In the past 30 years, many studies have confirmed the potentials and plasticity of the so-called mesenchymal stem cells (MSC): they have been shown to reside within the connective tissues of most organs and can differentiate into osteogenic, adipogenic, and chondrogenic lineages under appropriate conditions [1–3]. These features have led to an increasing application of MSC in the orthopaedic field, especially when a strong regenerative capacity applied through a minimally invasive approaches is required. A simple method to have MSC is the bone marrow concentrate (BMC) obtained through autologous bone marrow aspiration and centrifugation. Local application of BMC is one of the current available treatments of bone defects and in particular of cystic lesions [4, 5]. Among them aneurysmal bone cysts (ABC) are uncommon osteolytic lesions, usually eccentric, with a hyperplastic behaviour often arising in the long bones of young people, being rare after 30 years of age . The treatment approach to ABC has evolved in the past years ranging from radiotherapy to resection. More recently, less invasive procedures such as complete or partial curettage, and various substance injections seemed to be promising [7, 8]. We performed a retrospective evaluation of the results obtained at our institution after aneurysmal bone cyst percutaneous treatment with application of BMC in order to understand if the use of bone marrow stem cells actually gives benefits.
2. Material and Methods
We present a retrospective study involving 57 patients with diagnosis of aneurysmal bone cyst, treated at our institution between January 2013 and June 2019. The following exclusion criteria were applied: secondary ABC, initial treatment in other institution, and incomplete radiographic evaluation. Eight patients were excluded according to the following criteria: 2 ABC associated to chondroblastoma, 3 patient who had initial treatment in another hospital, and 6 patients for the absence of complete radiographic evaluation available. The study group consisted of 46 patients with an average follow-up of 33 months. Forty-two patients underwent percutaneous treatment as first approach; four patients had curettage as first treatment. The patients enrolled performed a plain radiograph before intervention, and the following radiographic variables were assessed: affected bone, staging according to the Enneking system , and location according to the Capanna classification . In all cases, the diagnosis was obtained through a histopathological study of specimens collected intraoperatively. All of the procedures were performed using sedation and local anaesthesia or under general anaesthesia with an aseptic technique. The percutaneous injections were performed introducing a Jamshidi needle, under fluoroscopic guide, into the lesion. The content of the cyst was then aspirated and sent for histopathologic evaluation; subsequently, the chosen drugs were injected into the lesion. The injected substances were : vitamin C, atossisclerol (0, 25%), methylprednisolone acetate, and autologous bone marrow concentrate (BMC). The two lesions treated with curettage were filled with bone chips enriched with the same substances aforementioned. The BMC was obtained through aspiration of bone marrow from the ipsilateral iliac crest and centrifugation in a dedicated RegenKit® device. The healing status was followed up through a plain radiograph 45 days after the procedure and then 2 months after. According to the modified Neer classification , the procedure was repeated if no satisfactory healing of the lesion occurred after 2 months, i.e. if the radiolucent area was ≧50% of the lesion diameter or in case of relapse.
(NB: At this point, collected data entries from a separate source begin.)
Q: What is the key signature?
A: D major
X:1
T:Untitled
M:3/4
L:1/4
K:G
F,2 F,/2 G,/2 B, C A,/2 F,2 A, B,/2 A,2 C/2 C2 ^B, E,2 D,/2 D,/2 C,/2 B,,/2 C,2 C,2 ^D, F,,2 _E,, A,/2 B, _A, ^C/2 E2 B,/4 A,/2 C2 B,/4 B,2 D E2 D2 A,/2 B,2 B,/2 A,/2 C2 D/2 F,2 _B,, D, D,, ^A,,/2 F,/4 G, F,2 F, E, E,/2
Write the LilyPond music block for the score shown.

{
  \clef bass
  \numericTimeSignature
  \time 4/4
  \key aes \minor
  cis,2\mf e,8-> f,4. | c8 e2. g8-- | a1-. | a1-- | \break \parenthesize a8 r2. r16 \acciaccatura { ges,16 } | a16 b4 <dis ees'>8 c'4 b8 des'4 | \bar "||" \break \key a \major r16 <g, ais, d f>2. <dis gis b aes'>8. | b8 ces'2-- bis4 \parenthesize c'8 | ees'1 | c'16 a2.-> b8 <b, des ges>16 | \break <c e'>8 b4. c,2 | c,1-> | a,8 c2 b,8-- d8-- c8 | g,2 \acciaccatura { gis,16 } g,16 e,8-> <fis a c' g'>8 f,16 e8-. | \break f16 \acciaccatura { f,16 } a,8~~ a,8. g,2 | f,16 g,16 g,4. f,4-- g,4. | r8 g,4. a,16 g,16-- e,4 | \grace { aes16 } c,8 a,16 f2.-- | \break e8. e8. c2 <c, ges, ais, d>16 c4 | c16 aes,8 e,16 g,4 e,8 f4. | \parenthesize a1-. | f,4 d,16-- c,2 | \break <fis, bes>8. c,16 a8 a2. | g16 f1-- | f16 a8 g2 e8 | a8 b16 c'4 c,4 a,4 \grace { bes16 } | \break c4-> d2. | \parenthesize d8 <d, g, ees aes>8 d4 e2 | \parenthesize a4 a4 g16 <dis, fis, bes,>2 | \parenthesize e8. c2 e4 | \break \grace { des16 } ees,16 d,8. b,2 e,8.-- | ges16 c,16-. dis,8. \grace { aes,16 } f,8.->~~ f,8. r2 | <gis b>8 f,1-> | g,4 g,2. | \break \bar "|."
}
The mean age at diagnosis was 13.8 with a male prevalence (31 males, 15 females). The anatomical location, collected in Table 1, shows a predominant distribution in the proximal metaphysis of long bones and in the pelvis. The cysts were classified in inactive, active, and aggressive according to the Enneking staging of musculoskeletal tumours as shown in Table 2: they were all active, except for one that was an aggressive lesion. According to the Capanna staging (Table 3), all patients had type II lesions, i.e., central and affecting the entire diameter of the bone, except for two cases having eccentric lesion, defined as type III. Thirty-six patients healed after the first treatment; among them, four had an open curettage and the cavity was filled with bone chips and autologous BMC. Of the remaining ten patients, seven healed with 2 percutaneous injections; of the remaining two, 3 had percutaneous injection and one had a resection with total hip replacement. Healing was assessed using the modified Neer classification (Table 4) used for unicameral bone cyst treatment: at the final follow-up, thirty-six patients healed with a type II aspect, nine healed with a type I aspect, and one patient was not classified having total hip arthroplasty.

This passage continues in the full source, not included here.